• **Required action**
Return the entries below in their exact form, leaving the pictures out.

━━━ Task data ━━━

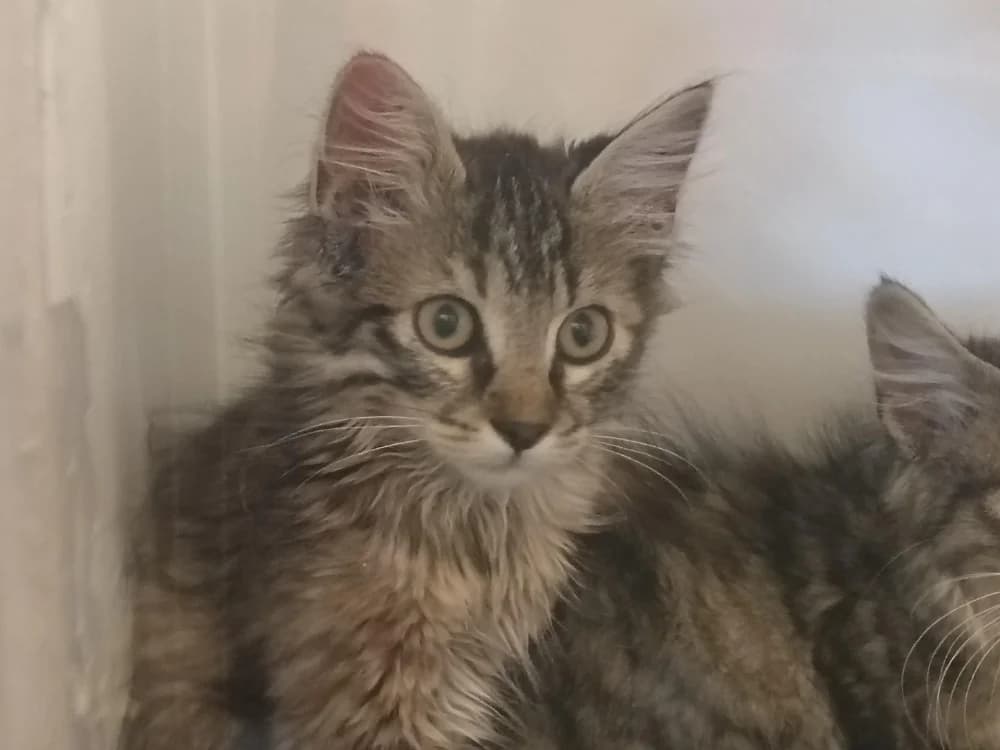 Naku, female Mixed Breed for adoption at SPA Briançon, Briancon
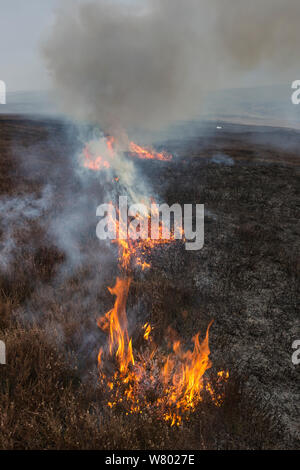 Combustion contrôlée de la lande de bruyère, Derwent Edge, parc national de Peak District, Derbyshire, Royaume-Uni. Mars 2015. Banque D'Images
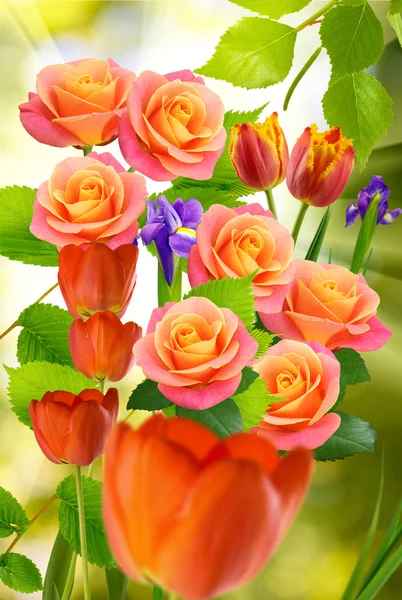 아름 다운 튤립과 장미 — 스톡 사진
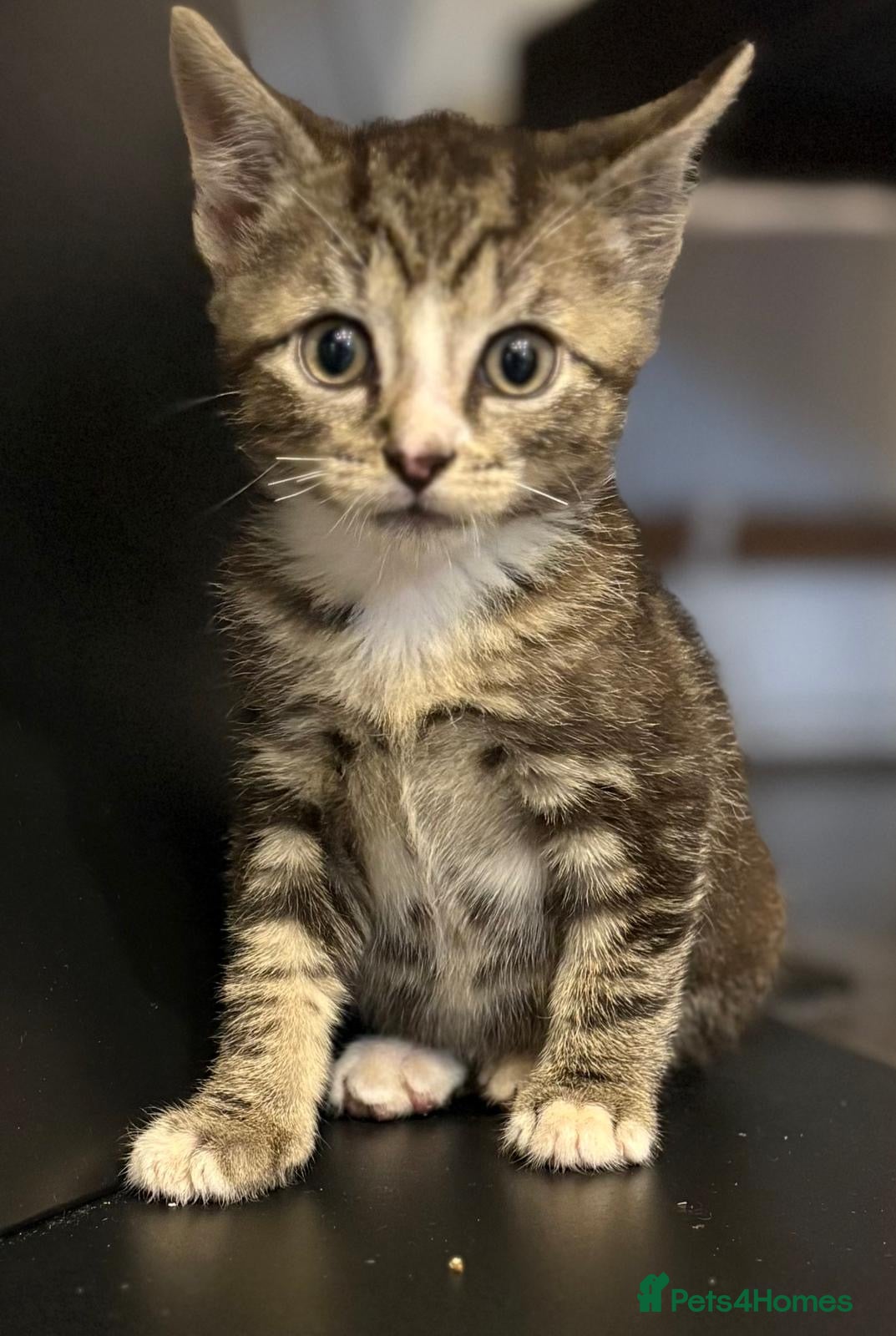 Mixed Breed cats 3 beautiful tabby kittens  - Advert 6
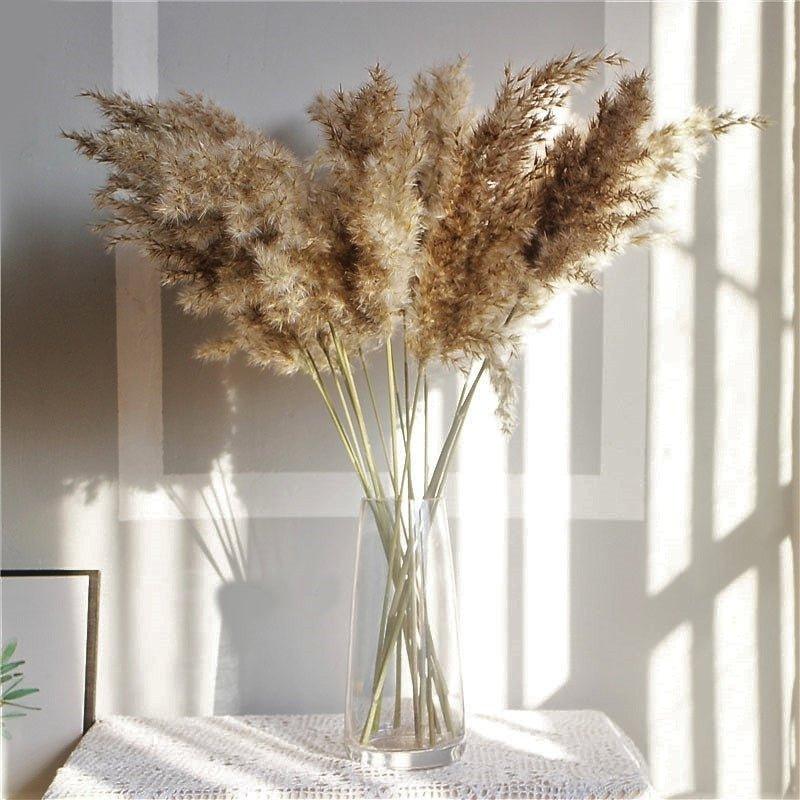 60 cm naturlig, verklig, brun-beige torkad pampasgräsbukett │ fluffig fjäder för modern boho heminredning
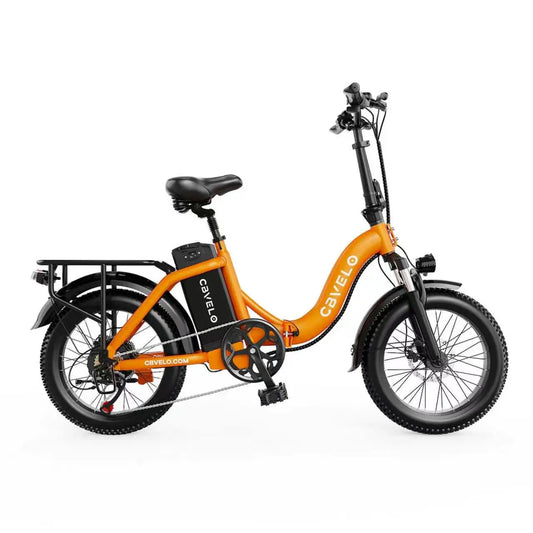 1000W Peak 20" Fat Tire Foldable Electric Bike, 48V 20Ah Removable Battery, All Terrain Adult Commuter Ebike Cybervelo Mars700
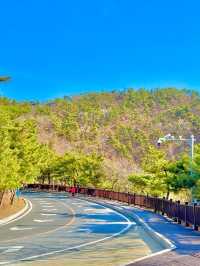 大連濱海路係呢座城市最浪漫嘅風景線之一，蜿蜒40公里串聯山海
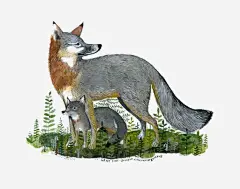 手绘狼免抠素材_新图网 https://ixintu.com 亲子 动物 卡通 手绘 插画 植物 狼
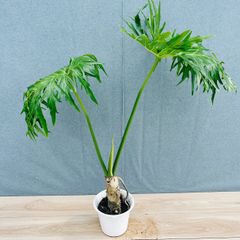 現品］B ロシアンオリーブ 8号 庭 玄関 屋外 ヤナギバグミ 育てやすい
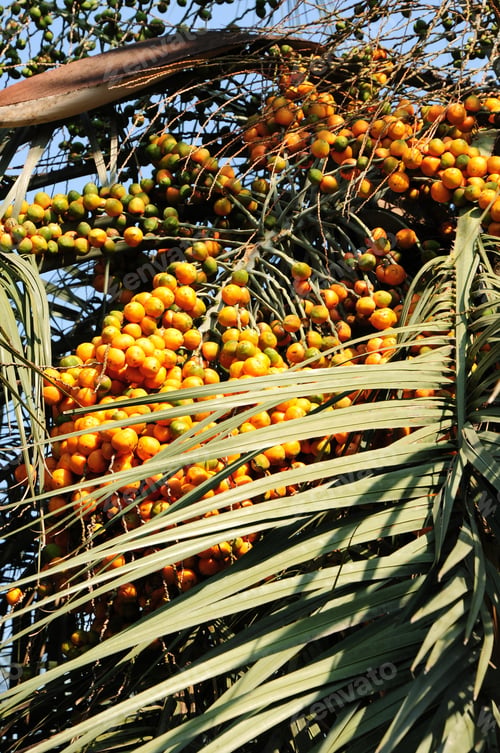 Preview: Bunch Of Dates On The Palm Tree
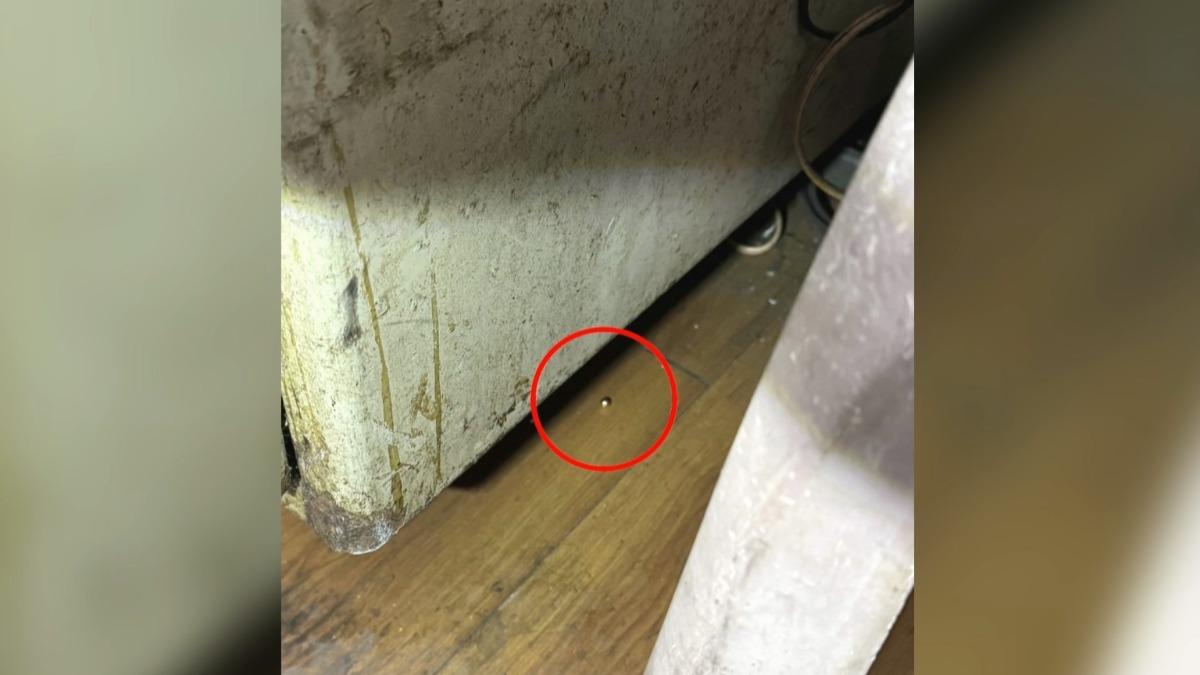 警方在值班台內發現兩顆鋼珠彈。(圖／民眾提供)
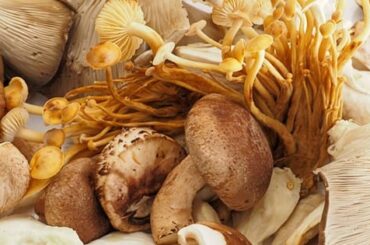 Hongos comestibles y adaptógenos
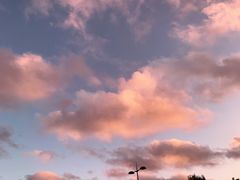 -海德公园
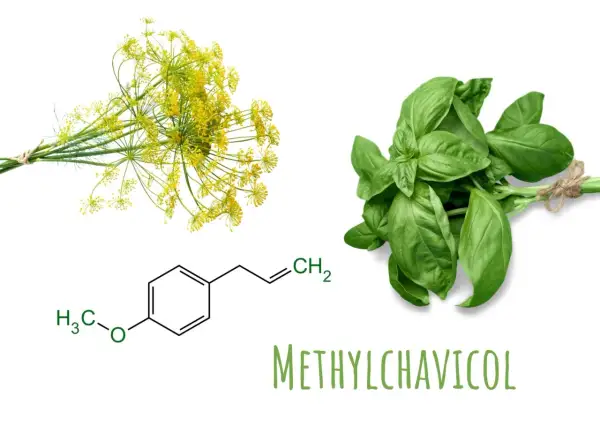 Basilikum und Dill mit chemischer Formel von Methylchavicol. Die **basilikum wirkung psyche** wird durch diese Verbindung beeinflusst.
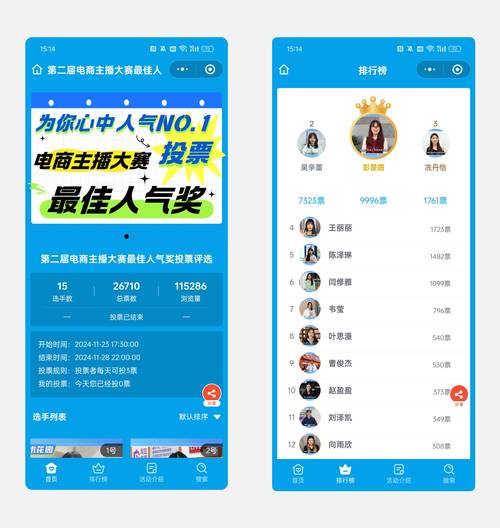  人气投票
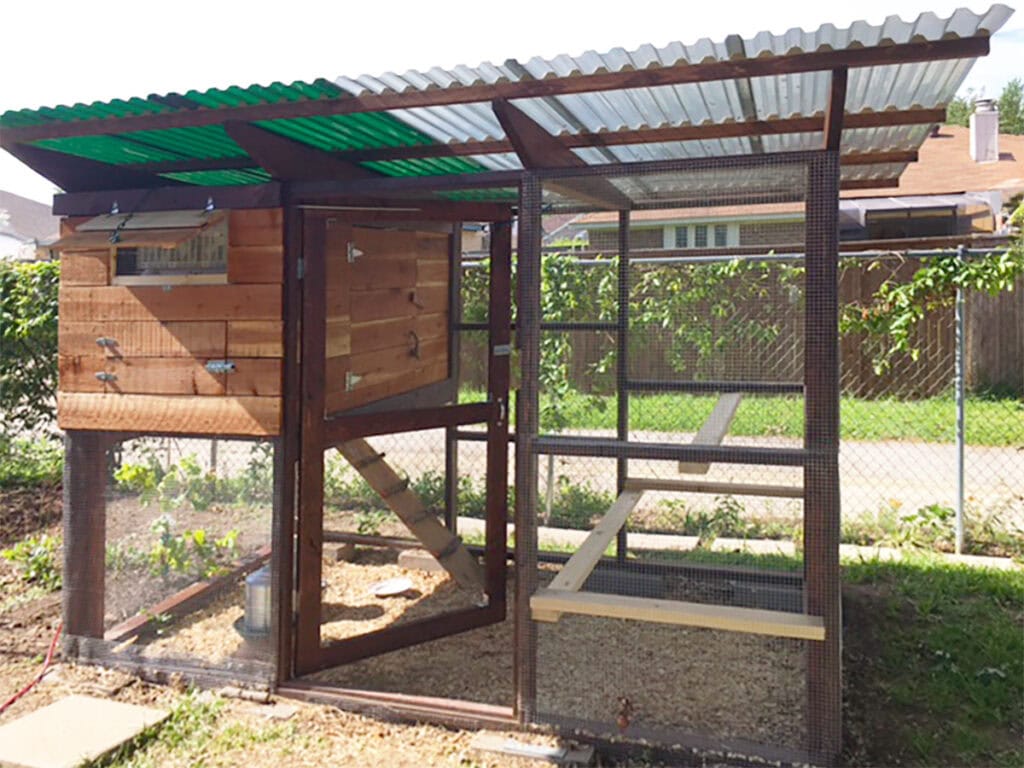 Gallinero construido para soportar el calor de Texas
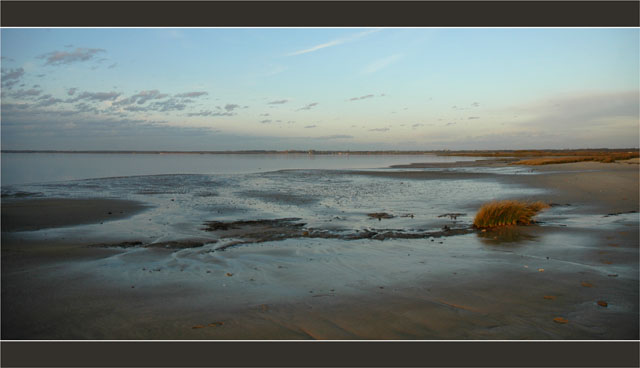 BLOG-DSC_2782-herbiers plage du Teich, face Audenge
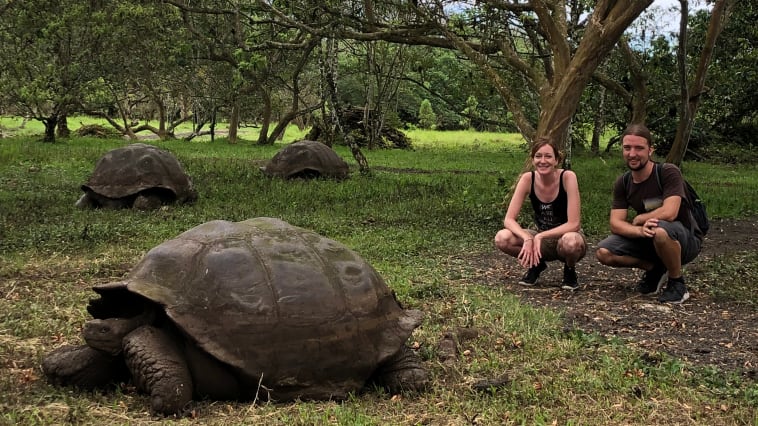 Giant tortoises at la reserva el Rancho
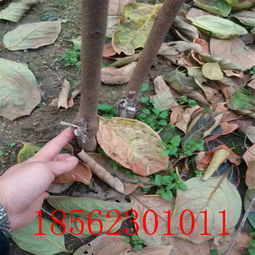 【陜西黑柿子樹(shù)苗供貨商】- 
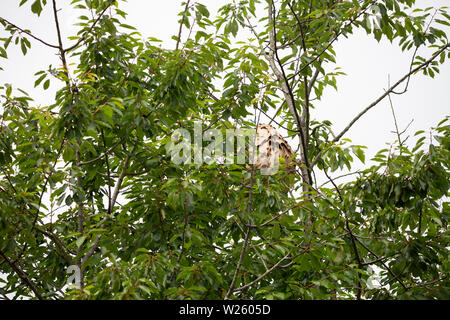 Asian hornet nest (vespa velutina) Foto Stock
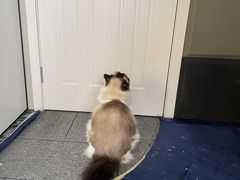 -零纪元VR体验馆·桌游(黄浦店)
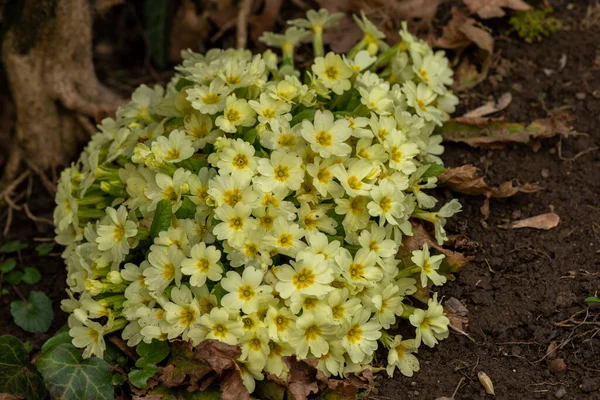 Fiori Primula Primula Vulgaris Primavera Primule Fiori Gialli Primula Polyanthus — Foto Stock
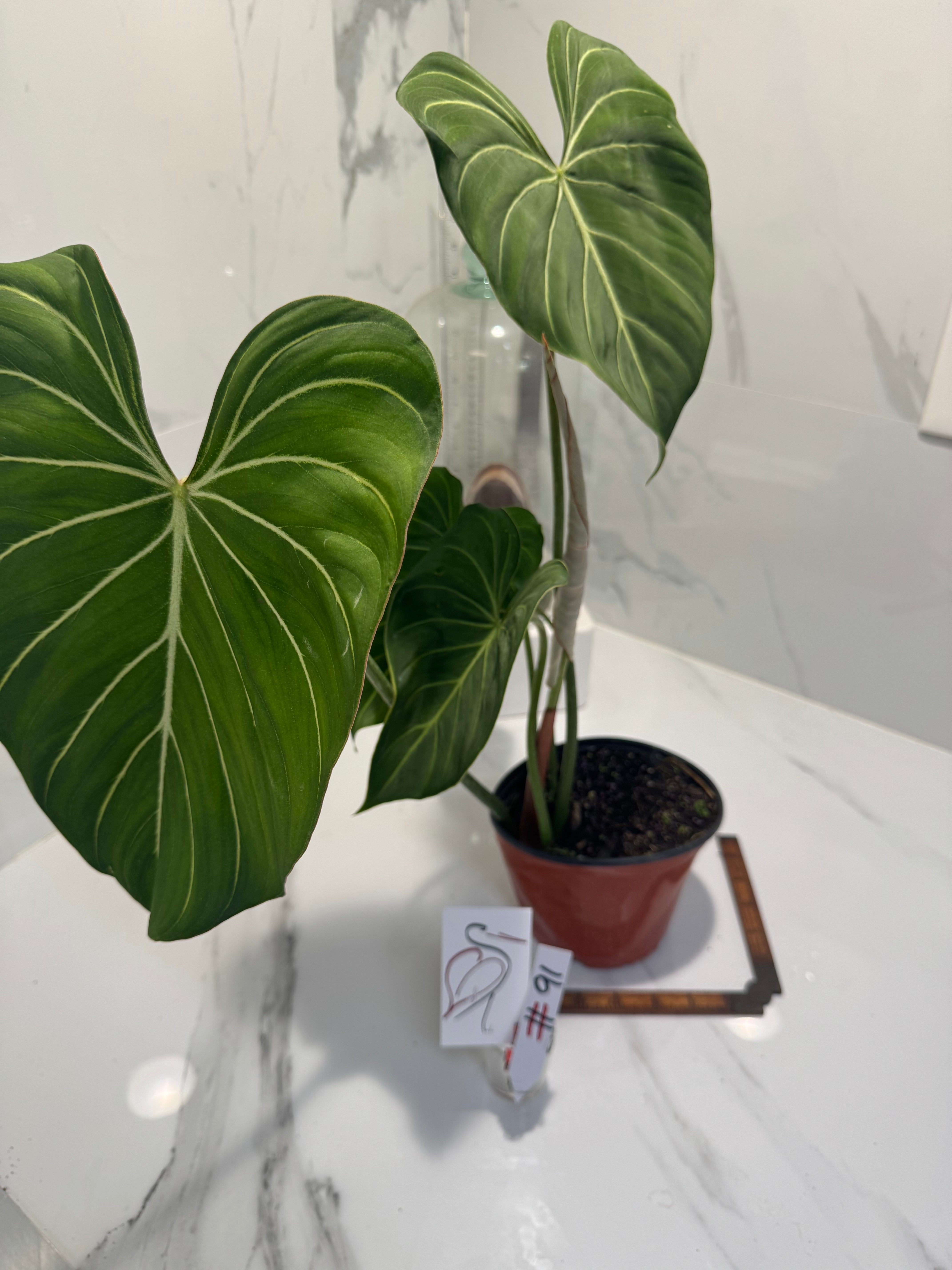 Philodendron Gloriosum #91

━━━

• **Response to the task**
 Naku, female Mixed Breed for adoption at SPA Briançon, Briancon
 Combustion contrôlée de la lande de bruyère, Derwent Edge, parc national de Peak District, Derbyshire, Royaume-Uni. Mars 2015. Banque D'Images
 아름 다운 튤립과 장미 — 스톡 사진
 Mixed Breed cats 3 beautiful tabby kittens  - Advert 6
 60 cm naturlig, verklig, brun-beige torkad pampasgräsbukett │ fluffig fjäder för modern boho heminredning
 1000W Peak 20" Fat Tire Foldable Electric Bike, 48V 20Ah Removable Battery, All Terrain Adult Commuter Ebike Cybervelo Mars700
 大連濱海路係呢座城市最浪漫嘅風景線之一，蜿蜒40公里串聯山海
 手绘狼免抠素材_新图网 https://ixintu.com 亲子 动物 卡通 手绘 插画 植物 狼
 現品］B ロシアンオリーブ 8号 庭 玄関 屋外 ヤナギバグミ 育てやすい
 Preview: Bunch Of Dates On The Palm Tree
 警方在值班台內發現兩顆鋼珠彈。(圖／民眾提供)
 Hongos comestibles y adaptógenos
 -海德公园
 Basilikum und Dill mit chemischer Formel von Methylchavicol. Die **basilikum wirkung psyche** wird durch diese Verbindung beeinflusst.
  人气投票
 Gallinero construido para soportar el calor de Texas
 BLOG-DSC_2782-herbiers plage du Teich, face Audenge
 Giant tortoises at la reserva el Rancho
 【陜西黑柿子樹(shù)苗供貨商】- 
 Asian hornet nest (vespa velutina) Foto Stock
 -零纪元VR体验馆·桌游(黄浦店)
 Fiori Primula Primula Vulgaris Primavera Primule Fiori Gialli Primula Polyanthus — Foto Stock
 Philodendron Gloriosum #91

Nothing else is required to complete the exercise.